In this film, the title character (voiced by Zach Braff - I think Woody Allen would have been a much, much better choice), a resident of Oakey Oaks, is hit by an octagon-shaped thing with clouds on it that he believes is a piece of the sky. Ringing the school's alarm bell, he causes everyone to go nuts. There are some nice funny scenes in this sequence, with automobiles crashing, animals running in all directions and a huge water tower rolling about like the huge boulder in "Raiders of the Lost Ark." Surrounded by his father (who is raising the little goofball by himself), the frightened townspeople and members of the news media, Chicken Little is unable to prove his assertion, so he becomes the town crackpot, even worse, a big disappointment to his jock father. A year later, Little is still treated like a total loser, but he is inventive and resourceful, so he is not completely overwhelmed, even though his best friends are pretty much worthless (except for Ugly Duckling - Joan Cusack).
The other two, a huge pig, Runt of the Litter (Steve Zahn) and Fish Out Of Water (Dan Molina)are pointless and lame - the former breaks into several popular songs ("Staying Alive," "Wannabe," "I Will Survive") and eats a lot (yeah, he's a pig, get it?), and the latter, wears a diving helmet filled with water. Naturally, this group is picked on by the popular kids (led by Foxy - Amy Sedaris) and, when they learn that the earth is being invaded by aliens (Fred Willard and Catherine O'Hara, among others), no one still believes the little chick and his loser friends.
Like I previously mentioned, I liked the very beginning, and I thought the last 10 minutes was pretty good, as well, the problem was the middle. I suppose the messages of Chicken and his father bonding (the younger viewers probably are not going to get this, though), childhood isolation and the in crowd versus those on the outside are important, but to me it was all lost in the boredom of the middle sequences. I didn't react, I didn't think and most important, I didn't laugh.

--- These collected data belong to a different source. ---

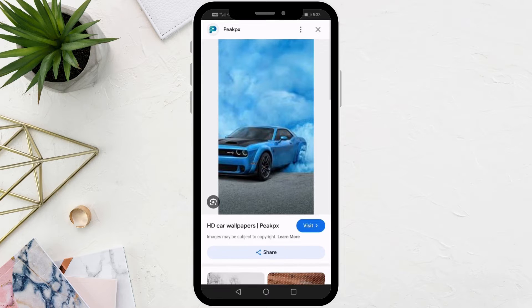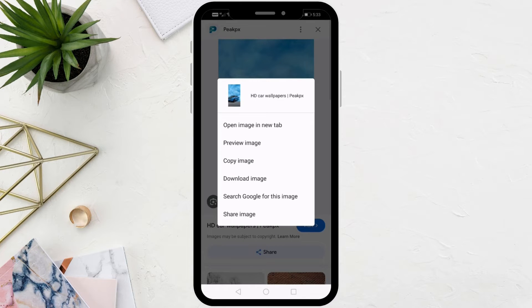After that, click on the image to open it. Then press and hold with your finger on the image until a window appears. From here, choose 'Open image in new tab'.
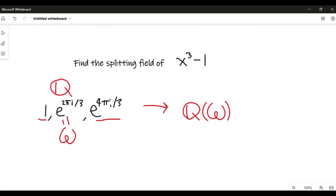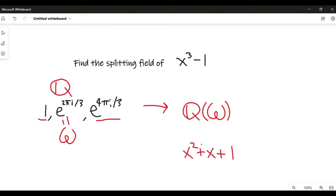So this is Q adjoin omega or Q adjoin e to the 2 pi i over 3. And as a side note, we might notice that this is also the splitting field of the third cyclotomic polynomial, and this is the polynomial that just has omega and omega squared as its roots. So this is also the splitting field of this polynomial, and we're done.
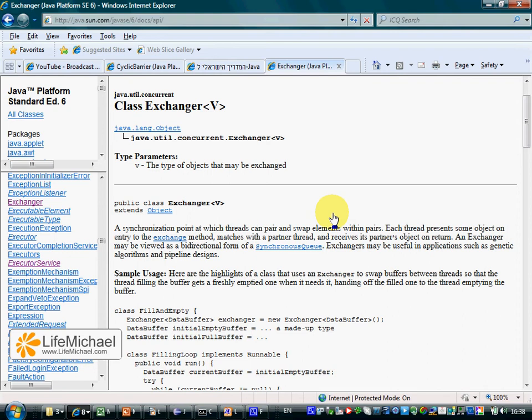The Exchanger class allows us to set a synchronization point at which two threads can pair with each other and swap elements, having one of the threads passing over an element to the other and at the same time receiving another element instead.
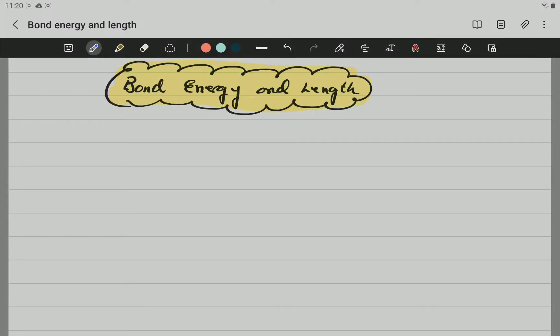Hello, Gray Eleven, here Mr. G, and in this video we are going to be talking about bond energy and bond length. Before anything, let's write down the definition of bond energy.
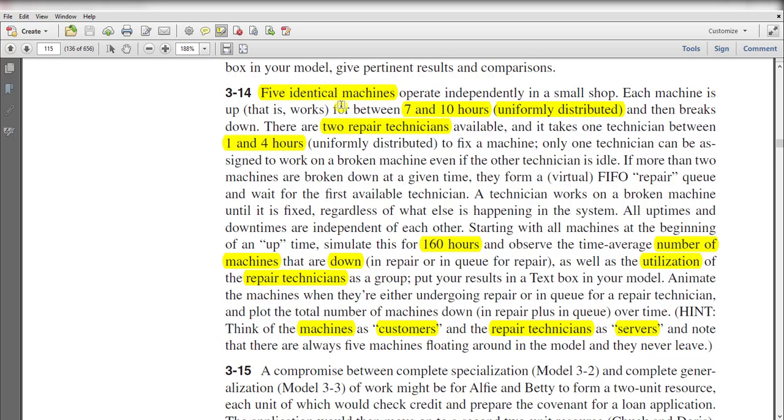In this exercise, we have five identical machines that operate independently in a small shop, and each machine uptime is between 7 to 10 hours, uniformly distributed. The failed time or break time is 1 to 4 hours, also uniformly distributed, to fix a machine.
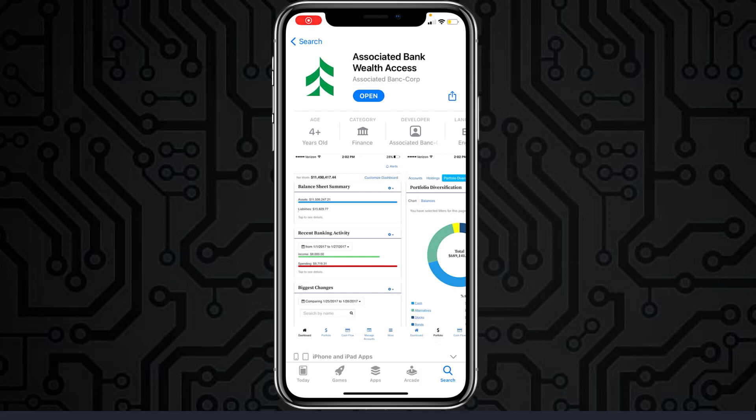Hey guys, welcome back to another tech tip and guide video. In today's video, I'll show you how you can log in to your Associated Bank's online banking account and reset the password for your Associated Bank's online banking account.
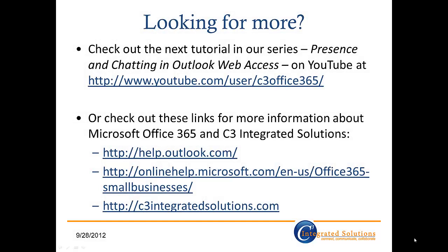Well, there you go. Everything you need to get started using tasks in Microsoft Outlook Web Access. If you'd like to see our next tutorial about presence and chatting in Outlook Web Access, check out our YouTube channel. Or, if you'd like more information about Microsoft Office 365 and C3 Integrated Solutions, check out the links below. Thanks for watching, and I'll see you next time.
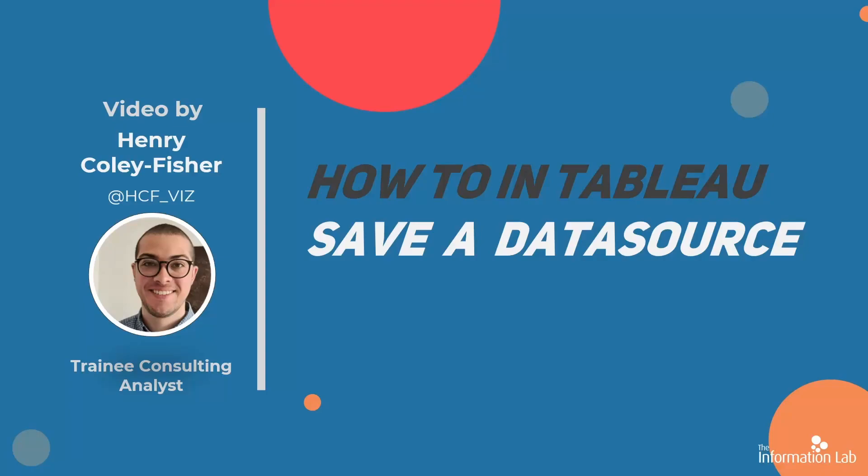Hi there, my name is Henry and I'm a member of the Data School's 27th cohort at the Information Lab. In this video, I'm going to show you how to save a data source in Tableau, which is really useful if you're going to come back and use a data source multiple times.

Unlike past Disney efforts such as "Toy Story," "Monster's Inc." and "Finding Nemo," the writing was as much for the adults as it was for children. In "Chicken Little," however, the jokes are painfully flat and I found myself just chuckling a few times, if that many. And while kids will probably dig the animation, many will probably be as befuddled with some of the pop cultural references, All in all, if your a HUGE fan of the genre, or a six-year-old child, you will probably enjoy this picture, but it is a big step down and a disappointment for those who expect the same movie as some of the studio's more successful computer-animated pictures.